Sağlık
Bakanlığı tarafından her yıl 3-9 Eylül tarihleri arası Halk Sağlığı Haftası
olarak kutlanmaktadır. Bu hafta kapsamında halk sağlığının ve koruyucu hekimlik
hizmetlerinin önemi vurgulanmaktadır. Halk sağlığı açısından en önemli amaç,
toplumun sağlığını hastalanmadan önce koruyabilmek, basit tedbirler ve
önlemlerle doktora, ilaca gereksinim duymadan sağlık sorunlarını
atlatabilmesini sağlamaktır.
Eğer
hastalıklar oluşmadan evvel sebebi anlaşılabilir ve engellenebilirse kişinin,
dolayısıyla toplumun sağlıklı yaşamı devam ettirilebilir. Bu çok uzun
senelerdir bilinen bir gerçek olmakla birlikte günümüze değin yeterli önem hala
verilmemektedir. Günümüz sağlık politikası hala kişinin hasta olduktan sonraki
tedavisi üzerine kuruludur. Elbette ki oluşacak hastalıkların tedavi
yöntemlerinin geliştirilmesi çok önemlidir. Ancak ya bu hastalığın oluşmasını
engelleyecek bir yöntem varsa ve bunu yapmıyorsak ? Düşünsenize hastalığınızın
engellenebileceğini biliyor olmak. Şöyle düşünün ; sigara içen birinin akciğer
kanseri olduktan sonra ki pişmanlığı .
Halk
sağlığının korunmasında proaktif önlemlerin alınması çok önemlidir. İş
güvenliği hizmetlerinde nasıl tehlike daha evvel tespit edilerek riskler
ortadan kaldırılmaya çalışılıyorsa koruyucu hekimlikte de aynı mantık
işlemektedir.

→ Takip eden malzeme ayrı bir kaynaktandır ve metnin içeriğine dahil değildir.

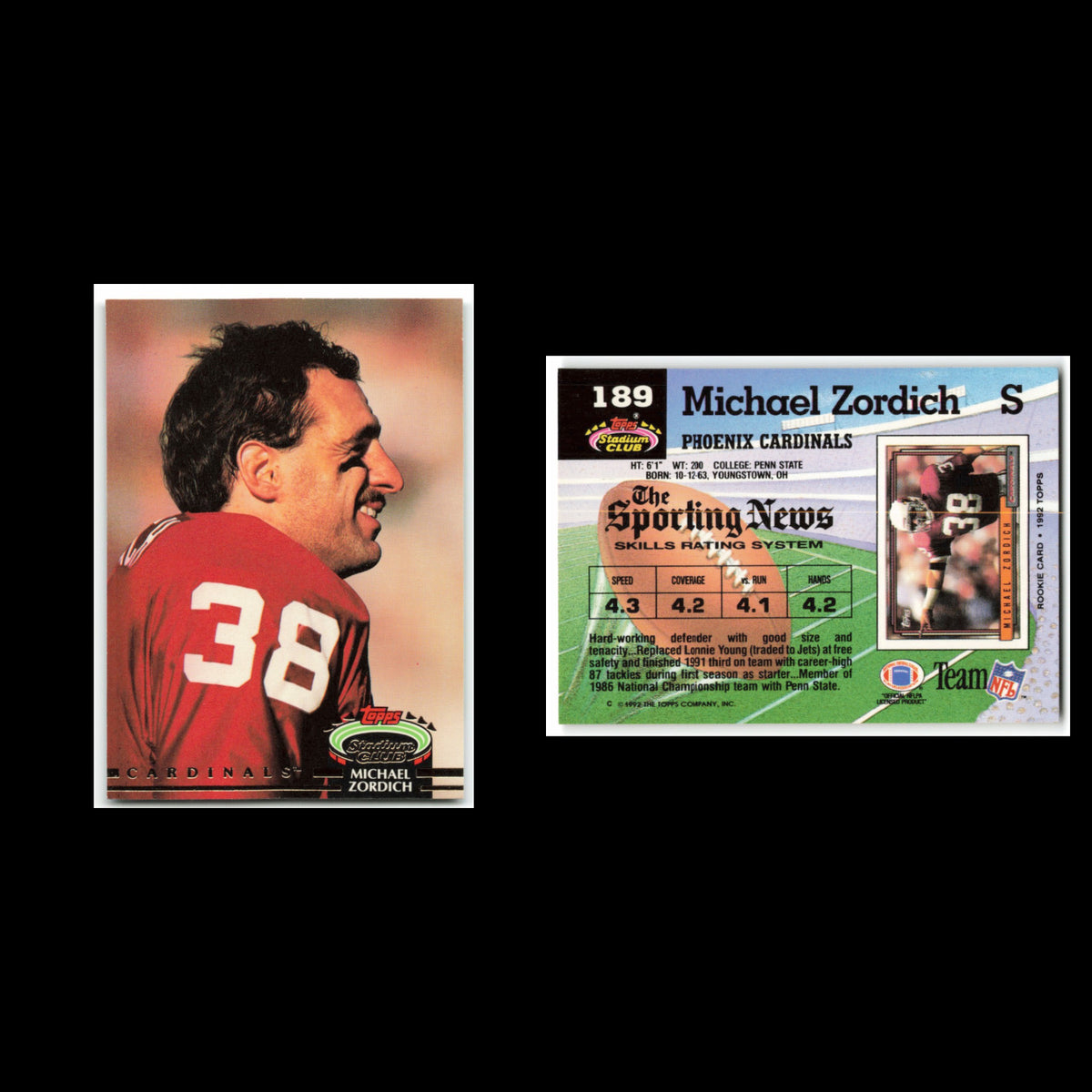 Michael Zordich #189 1992 Topps Stadium Club Phoenix Cardinals Football Card NFL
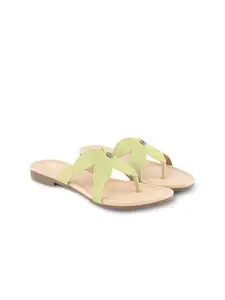 OPIVE FASHION HUB OPIVE Slip-On Flat Slippers for Women and Girls | Comfortable Casual Open-Toe Sandals for Daily Use and Office (Olive Green - 9)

Yapılan aşılar hastalık oluşmasını engelleyerek kişinin ileriki
yıllarda hastalıktan korunmasını sağlamaktadır. İçme suyu analizlerinin
yapılması tifo, gastroenterit gibi salgınları önlemektedir. Bunun gibi aklınıza
gelebilecek bir çok önlem halk sağlığının geliştirilmesine ve mutlu huzurlu bir
hayatın devamının sağlanmasına katkıda
bulunmaktadır.
Kişinin
bireysel proaktif çabaları toplumsal sağlığın oluşturulmasında yadsınamaz
sonuçlara yol açmaktadır. Örneğin sigara içmenin azaltılması ya da ortadan
kaldırılması, düzenli eksersizlerin ve sporun hayatın içine dahil edilmesi,
düzenli ve dengeli beslenme alışkanlıklarının edinilmesi bireysel proaktif
yaklaşımlardan sadece birkaçıdır.
Unutmayın ; proaktif önlemler hayat kurtarır. Halk sağlığına ve proaktif davranma alışkanlıklarına gerekli önemi veren ülkelerin refahının diğer ülkelere göre çok yüksek olduğu aşikardır.